Eye-tracking and attention visualization for object recognition

Comparing CNN attention with human eye-tracking.

CNNTensorflowKerasEye-tracking

Project description

The aim of the project is to compare how Convolutional Neural Networks and Humans see the world by comparing where computer and human pay attention to during an object recognition task.

Overview

Due to the rise of Visual Attention mechanisms in machine learning it is now possible to model the cognitive process of paying attention in a computer. For a Cognitive Science course project we decided to see if the computer will choose to look at the same thing as a human does to recognize objects of 10 categories and if human eye-tracking data can be used to speed up the process of training the machine learning algorithm.

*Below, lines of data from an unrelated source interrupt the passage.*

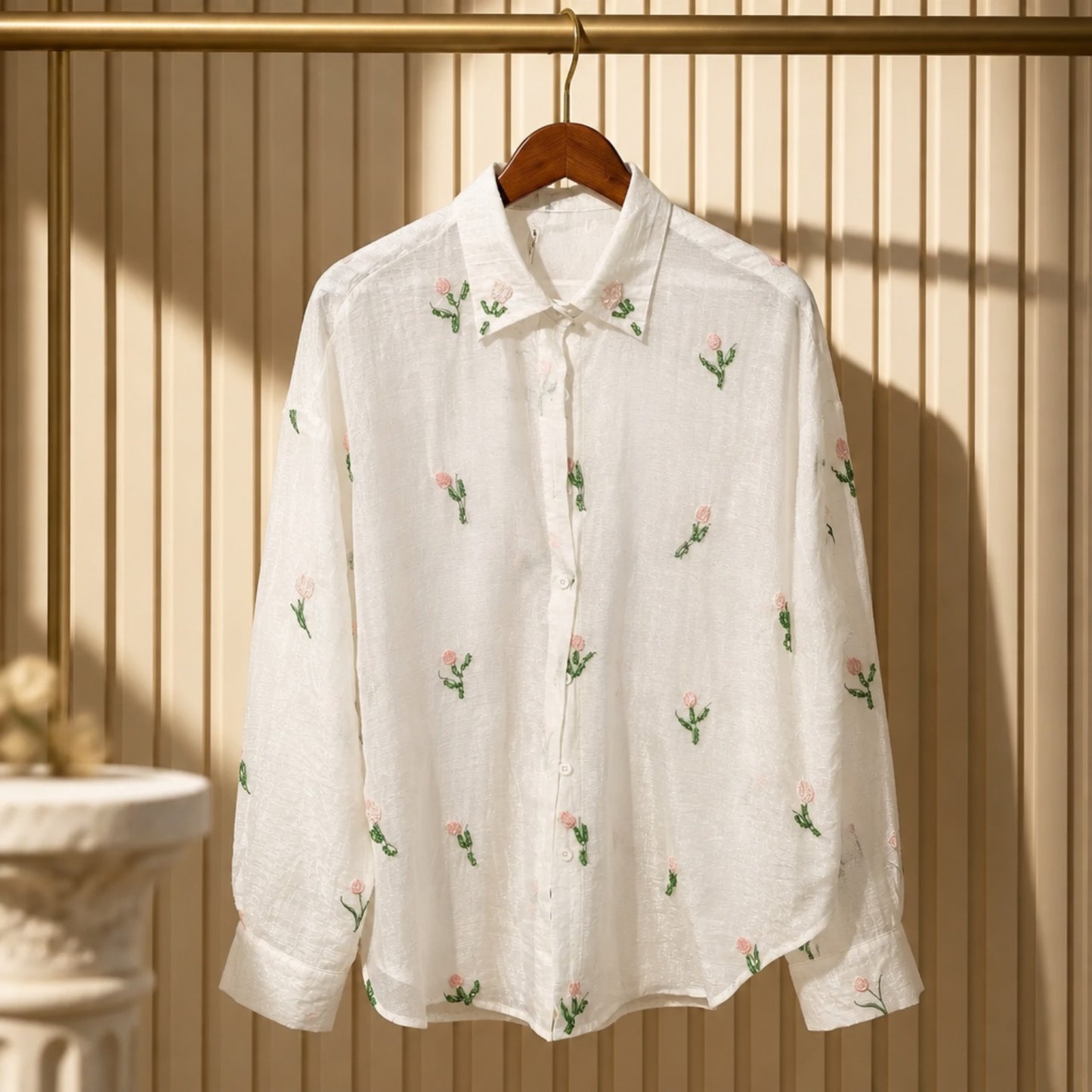 Exklusive Bluse mit floralen Perlenstickereien – Seidenmix in Weiß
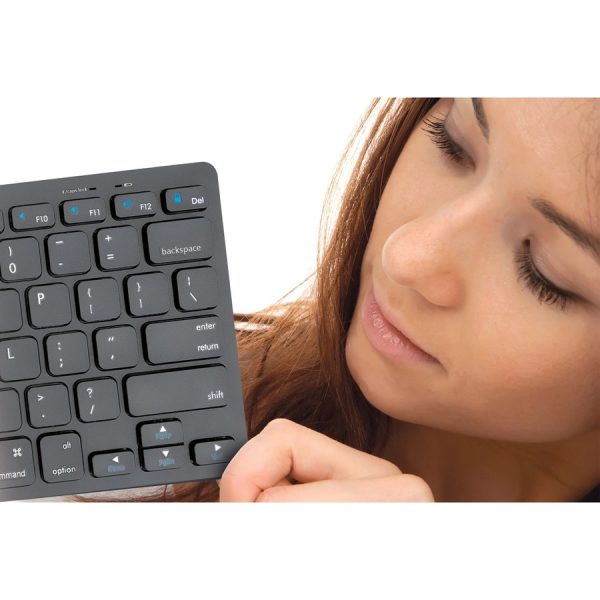 Manhattan Ultra Slim Wireless Keyboard - Image 3
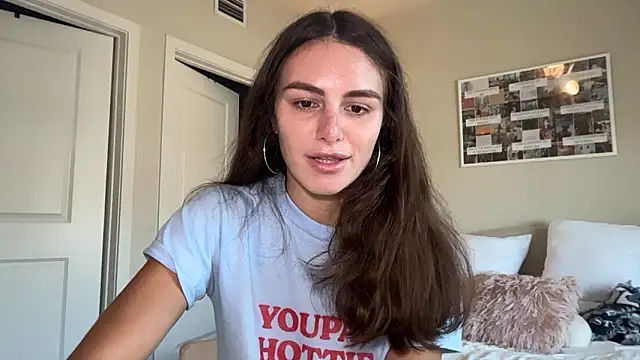 graciesmith27 online show from 05/19/26, 06:25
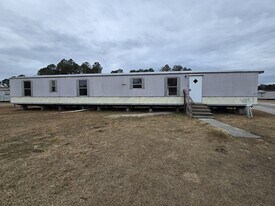 472 Ruben Wells Rd in Hinesville, GA - Building Photo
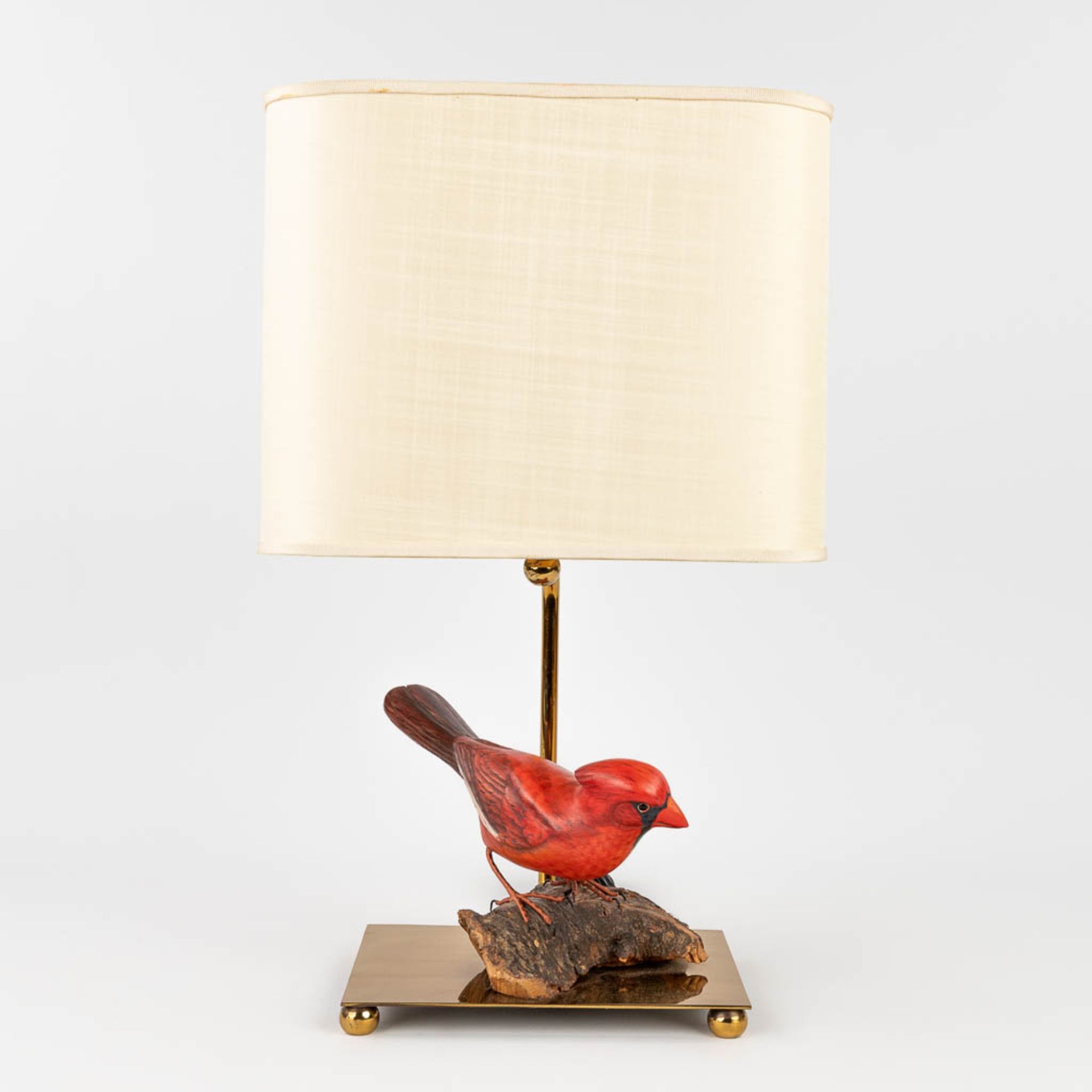 A mid-century table lamp with a 'Northern Cardinal' bird. (H:30 cm)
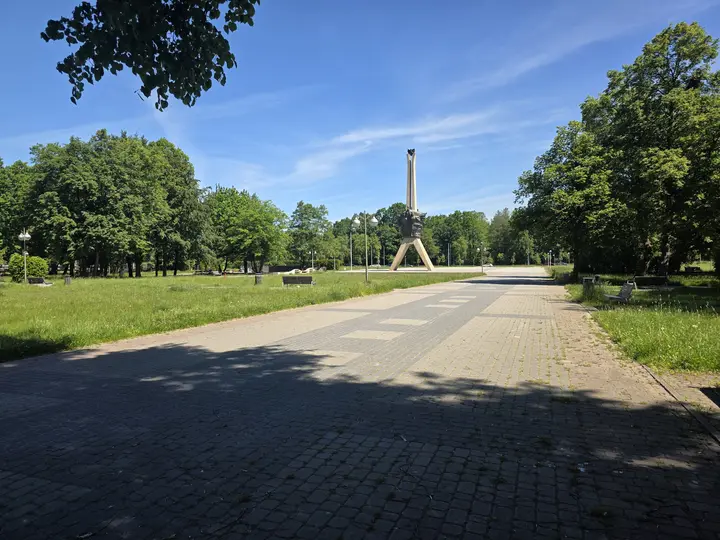 Parkowa promenada, widoczny pomnik
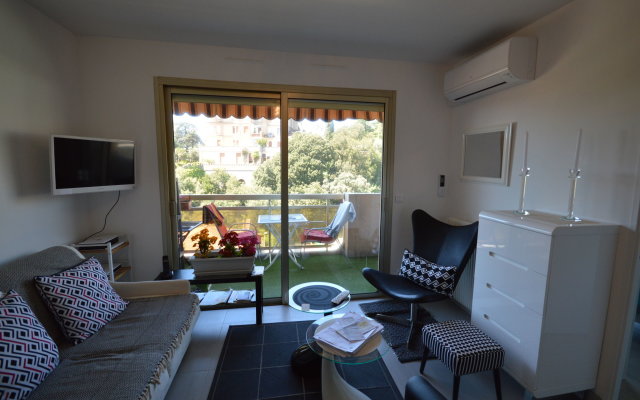 Deluxe One Bedroom Apartment Cannes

The project is part of a Cognitive Science course at the University of Copenhagen.

Technical Details

We use the POET dataset that provides eye-tracking data from multiple annotators that classified over 6 thousand images into 10 categories.

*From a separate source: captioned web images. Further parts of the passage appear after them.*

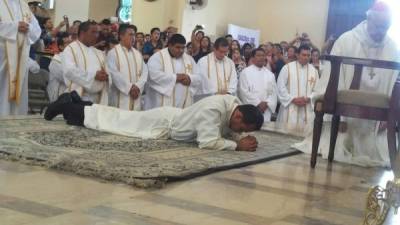 Momento en que Ángel Flores se arrodilla para ser ordenado diácono. Foto: josé cantarero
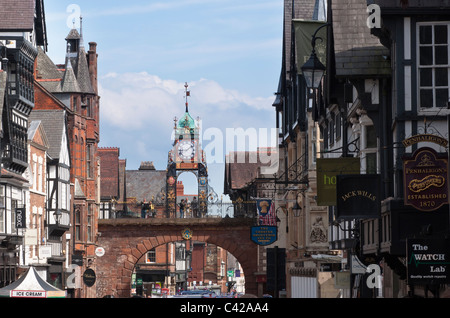 Chester Stadtzentrum, blickte Eastgate Street mit seinen viktorianischen Uhr. Cheshire. UK Stockfoto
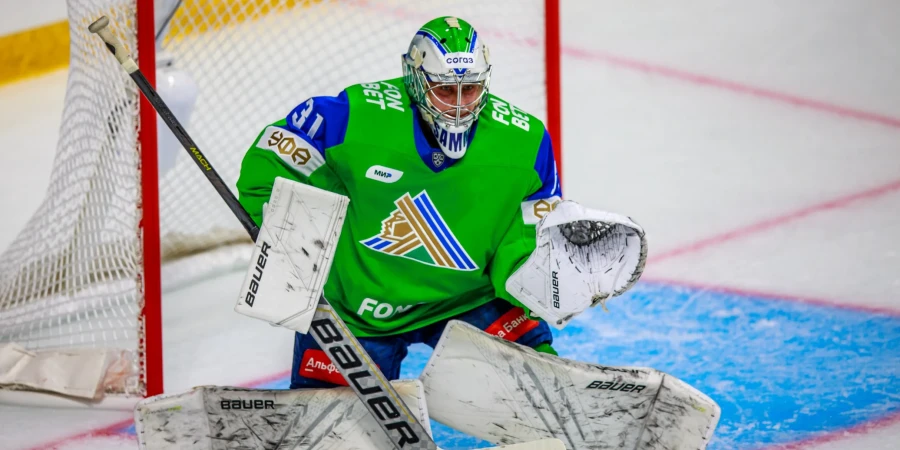 Пять клубов КХЛ охотятся за вратарем «Салавата Юлаева»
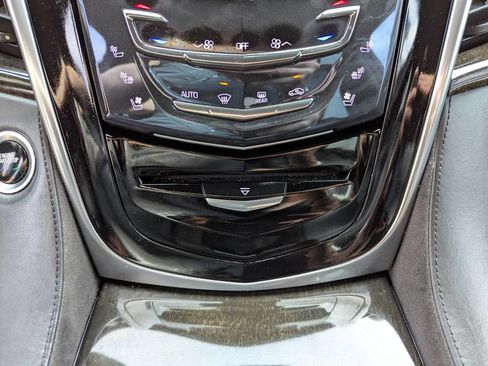 Used 2020 Cadillac Escalade Platinum AWD/4WD image 26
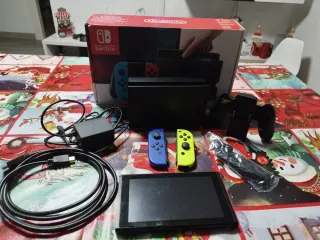 Nintendo Switch Azul y Amarillo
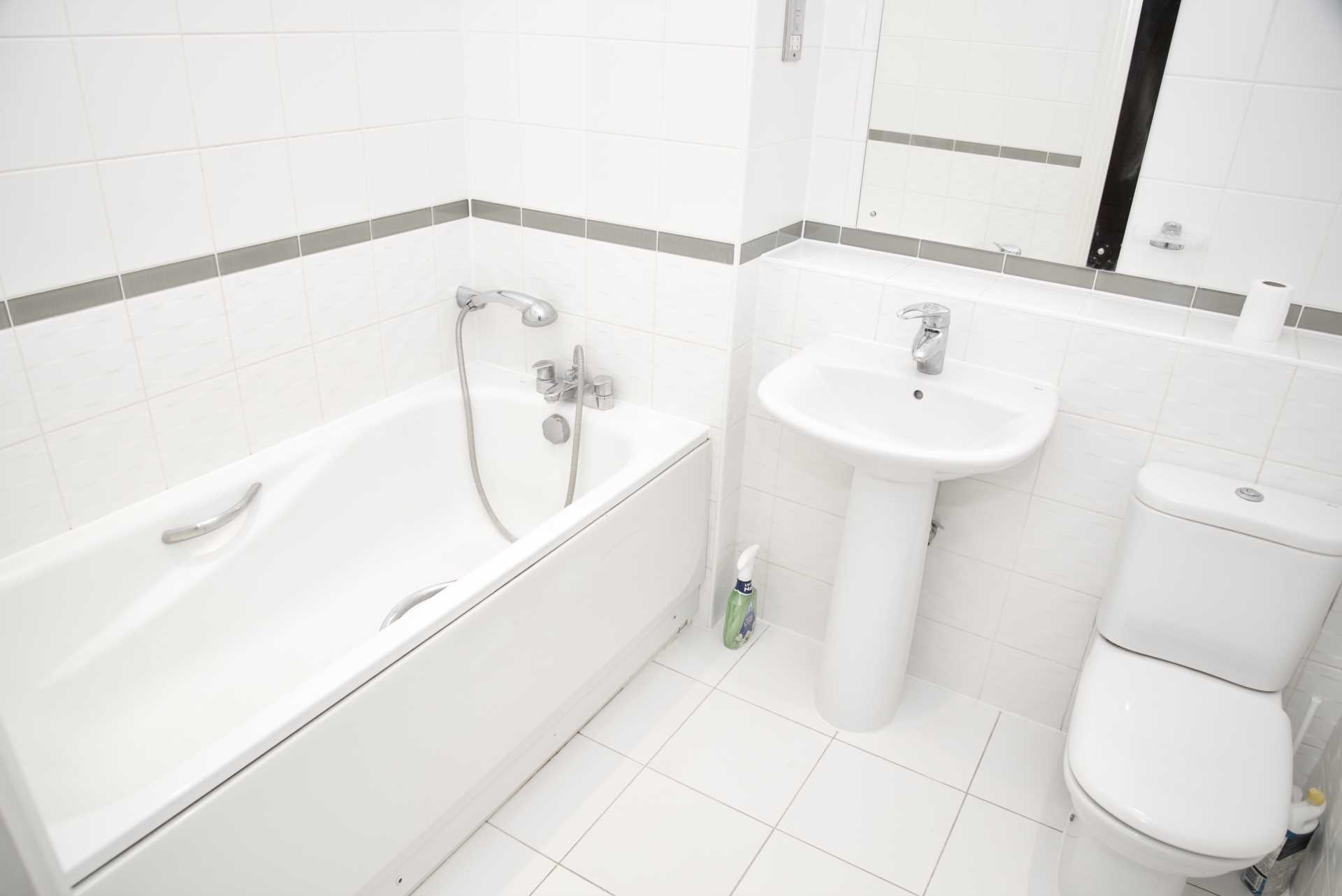 Additional Property Image 2 bedroom Apartment for sale in London 7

Eye tracking heatmaps — Source: http://calvin.inf.ed.ac.uk/datasets/poet-dataset/

The project is divided into multiple parts that explore different training environments and relationships between the machine and the human attention:

Standard CNN trained with a global pooling layer on top to gain spatially-dependent class activations (reference).
CNN with attention (reference).
Using eye-tracking data to improve machine learning.

Results

The final report can be found here. My work can be found under sections about developing the attention visualization based on gradient theory and comparing CAM, soft attention and human attention.

My contribution

I came up with the idea for the project and devised the approach. I proposed a novel approach to visualizing human attention from eye-tracking data using gradient theory.

I developed a soft attention model in Tensorflow and extended an open-source CAM model. I visualized both attention mechanisms and compared them to human attention using PCC.